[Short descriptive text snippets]
'''
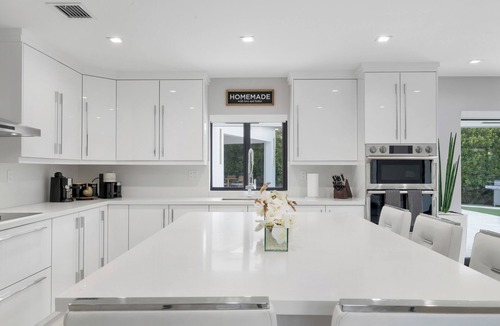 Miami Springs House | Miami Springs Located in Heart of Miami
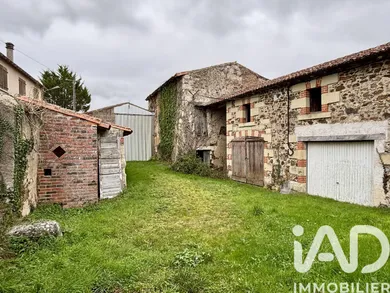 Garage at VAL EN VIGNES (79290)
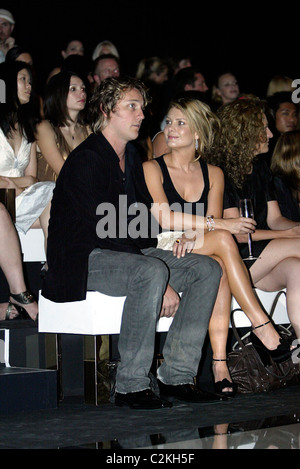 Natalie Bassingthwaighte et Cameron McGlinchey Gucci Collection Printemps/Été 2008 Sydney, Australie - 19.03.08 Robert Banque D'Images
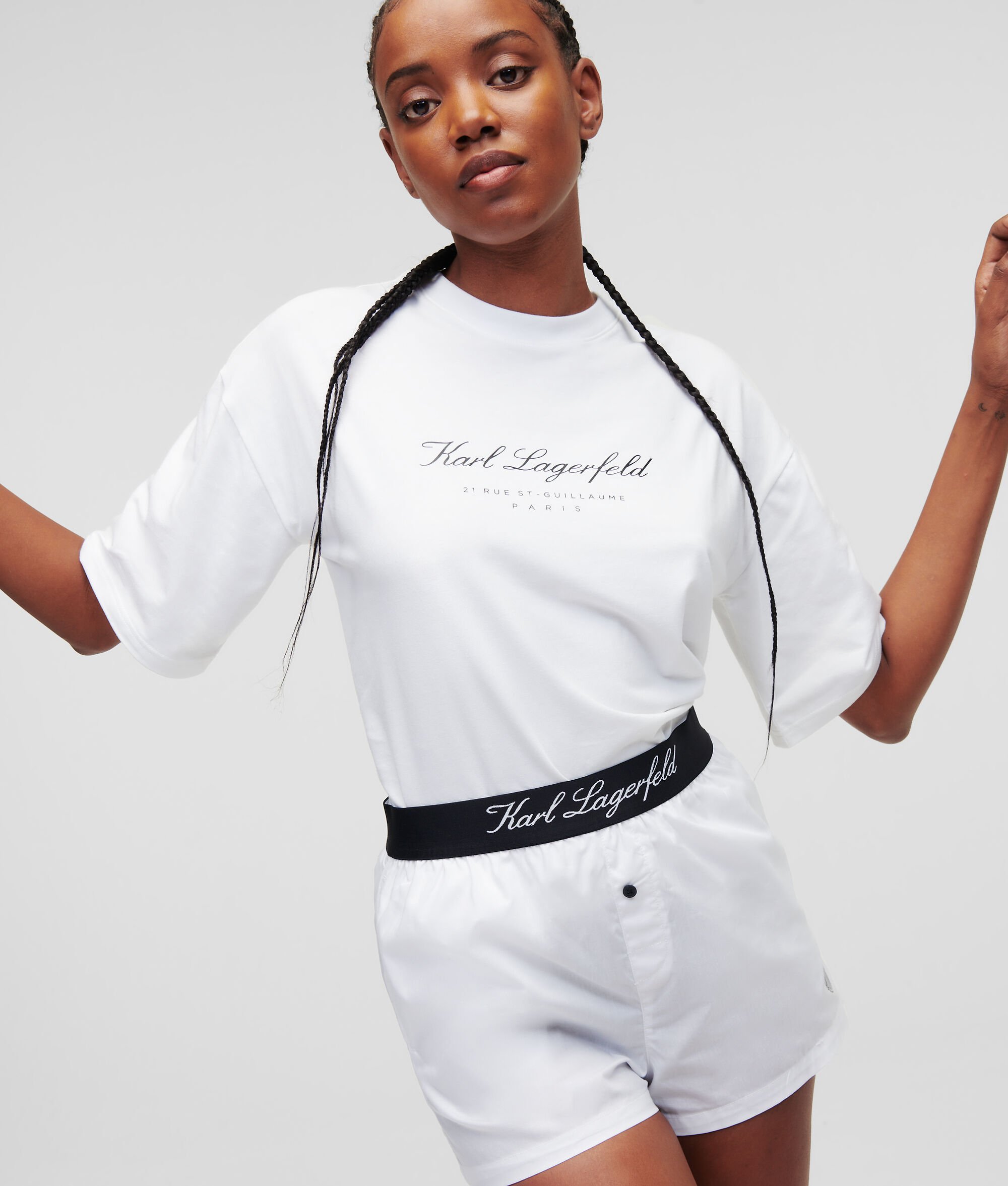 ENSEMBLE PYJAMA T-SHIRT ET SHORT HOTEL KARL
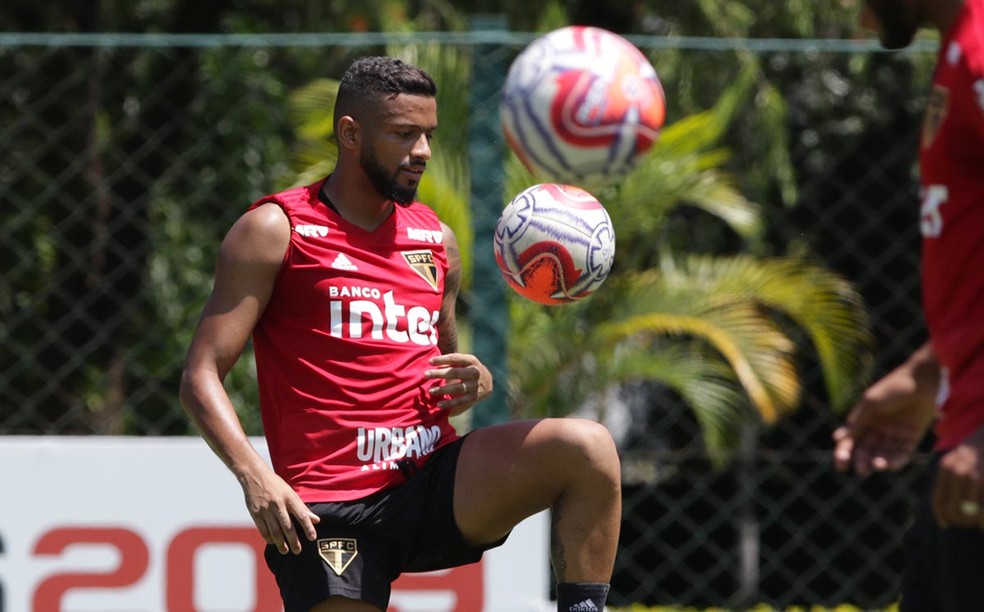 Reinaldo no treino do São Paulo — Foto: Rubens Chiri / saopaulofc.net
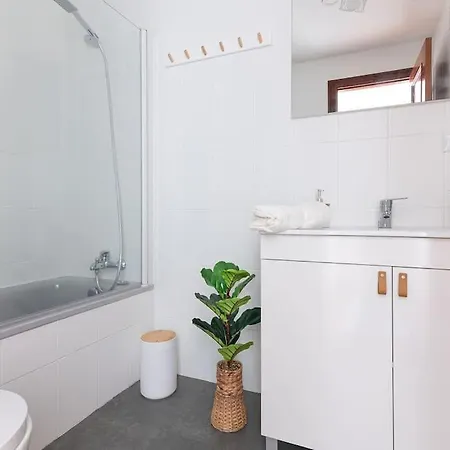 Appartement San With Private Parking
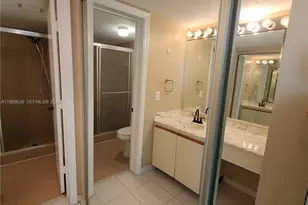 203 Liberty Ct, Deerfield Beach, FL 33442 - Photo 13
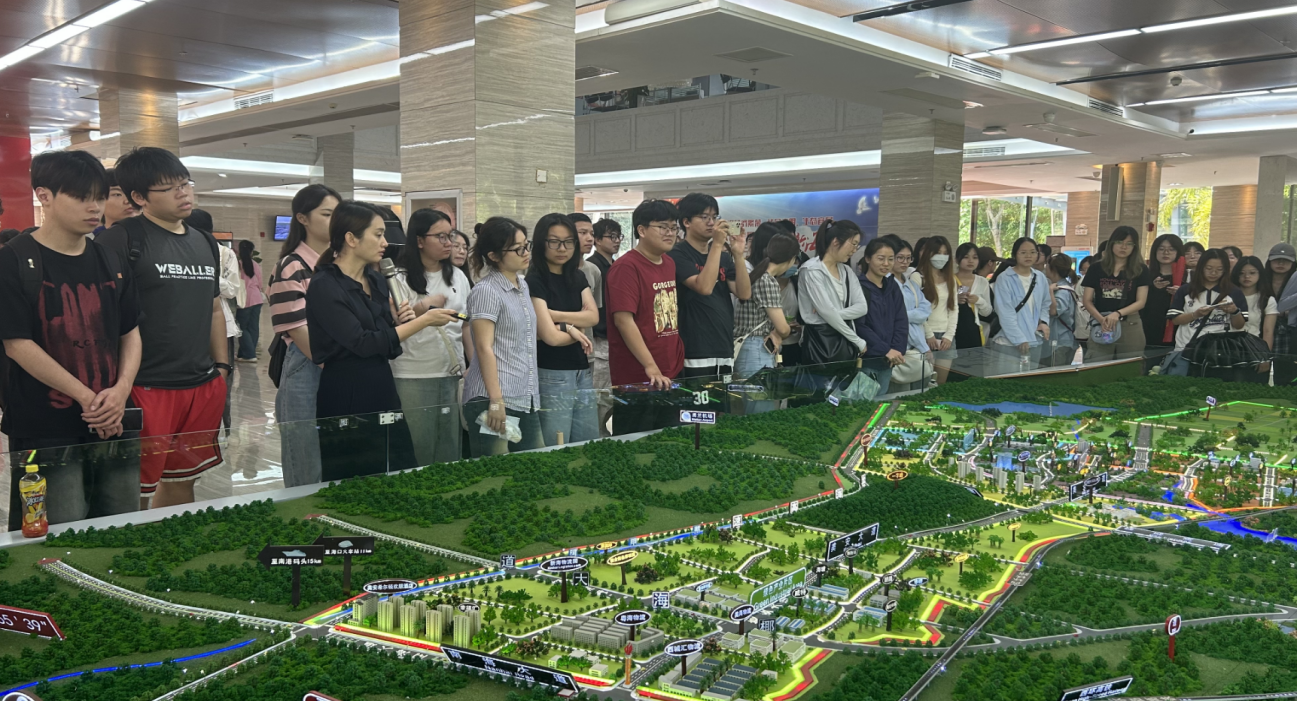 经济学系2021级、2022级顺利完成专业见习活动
'''
§ **TRY IT**:
Copy the data character for character, but drop all pictures from the copy.

§ **THE COMPLETED TASK**:
 Miami Springs House | Miami Springs Located in Heart of Miami
 Garage at VAL EN VIGNES (79290)
 Natalie Bassingthwaighte et Cameron McGlinchey Gucci Collection Printemps/Été 2008 Sydney, Australie - 19.03.08 Robert Banque D'Images
 ENSEMBLE PYJAMA T-SHIRT ET SHORT HOTEL KARL
 Reinaldo no treino do São Paulo — Foto: Rubens Chiri / saopaulofc.net
 Appartement San With Private Parking
 203 Liberty Ct, Deerfield Beach, FL 33442 - Photo 13
 经济学系2021级、2022级顺利完成专业见习活动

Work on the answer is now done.